That same year, she accompanied her husband, Vincent Ostrom, to Bloomington, Indiana, where he had taken a full professorship in political science at Indiana University. The university's need for someone to teach an early-morning 'Introduction to American Government' class got her a temporary faculty position; its need for a graduate adviser led to a tenure-track faculty appointment. In her first 15 years on the political-science faculty, she studied police forces in US cities, seeking to learn what type of organization led to the most effective policing.

In the early 1980s, Ostrom began to develop a more theoretical understanding of the institutions, rules and norms that humans use to organize themselves. She was influenced by a sabbatical at the University of Bielefeld in Germany with Reinhard Selten, who in 1994 earned an economics Nobel prize for his work on game theory. Her theoretical work led to the Institutional Analysis and Development (IAD) framework — a system for analysing and comparing case studies using a common terminology and method of data coding. At first, the IAD was strongly resisted. Ostrom was accused of making it too complex by including, for example, seven different classes of governance rules. Today, the framework is used throughout the social sciences.
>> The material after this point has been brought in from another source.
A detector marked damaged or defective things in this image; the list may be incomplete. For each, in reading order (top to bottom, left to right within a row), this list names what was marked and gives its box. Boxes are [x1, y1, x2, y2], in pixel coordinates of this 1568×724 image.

During the mid-1980s, Ostrom returned to her study of the commons. At the time, an increasing number of scholars were realizing that reality clashed with the conventional view that such sharing would always lead to environmental disaster. Ostrom compiled hundreds of case studies of self-organization, from the lobster fisheries of Maine to the irrigation systems of Nepal. She travelled the world to conduct her own field research. In her book Governing the Commons, (Cambridge University Press, 1990) she identified eight 'design principles' that characterize successful self governance, such as having monitors who are accountable for the users of a resource, and using inexpensive mechanisms of conflict resolution. Those principles have stood the test of time.

In the late 1980s, Ostrom began designing controlled experiments to test her insights. For example, she had seen a group of farmers in Nepal track down thieves who were stealing water from their shared irrigation system. Economists considered such self-policing an anomaly. They assumed that people would not invest time in enforcing rules if they could free ride on the policing efforts of others. In her lab, Ostrom tested whether people would give up their time and effort to police the behaviour of others. They did. Ostrom and her colleagues replicated her proposed principles of self-governance in the lab many times.
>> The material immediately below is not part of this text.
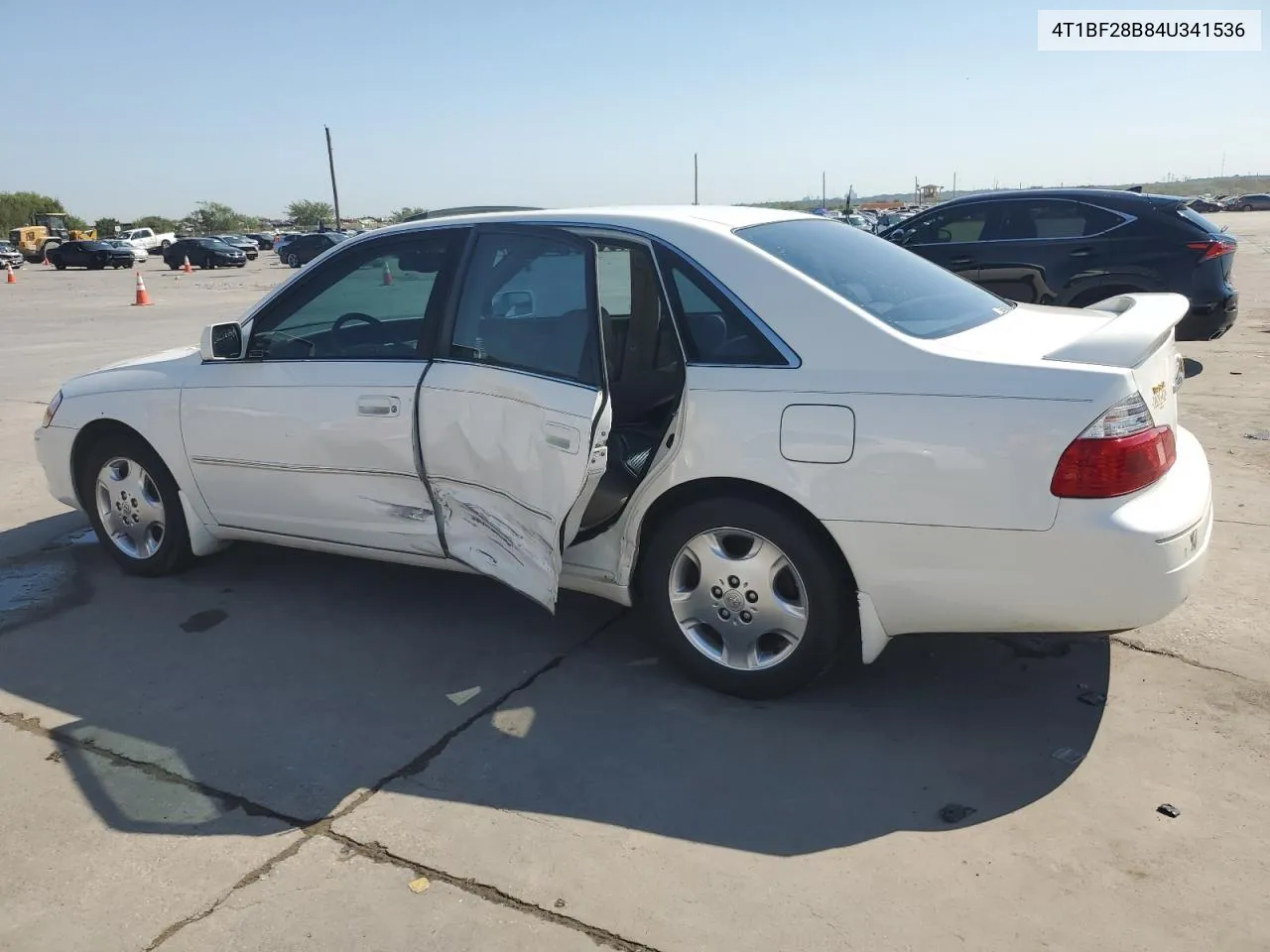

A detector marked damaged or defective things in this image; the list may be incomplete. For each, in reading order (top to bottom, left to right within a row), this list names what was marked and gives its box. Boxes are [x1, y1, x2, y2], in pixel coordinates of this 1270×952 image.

pavement crack [0, 702, 314, 829]
pavement crack [333, 611, 631, 817]
pavement crack [1103, 635, 1246, 682]
pavement crack [321, 825, 667, 952]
Over her career, Ostrom pushed to enhance interdisciplinary research. She recognized that much of the work in sustainability was fragmented: theorists were critical of experimentalists and vice versa; economists and socialists were not familiar with each others' work. In 1973, Ostrom and her husband founded the ongoing Workshop in Political Theory and Policy Analysis at Indiana University to help bridge these gaps. In the 1980s, she helped to create the International Association for the Study of the Commons, of which she was the first president, and she helped to set up the Center for the Study of Institutional Diversity at Arizona State University in Tempe, of which I am now director.

With her energy, curiosity and down-to-Earth attitude, Lin — as she liked to be called — was the driving force of many collaborations. She was humble about her achievements: she considered her Nobel prize a mark of success for her entire community, rather than a personal achievement. And she was generous with her time, especially for her students. She broke through academic and gender barriers, paving paths for future generations. She is irreplaceable, and she will greatly be missed.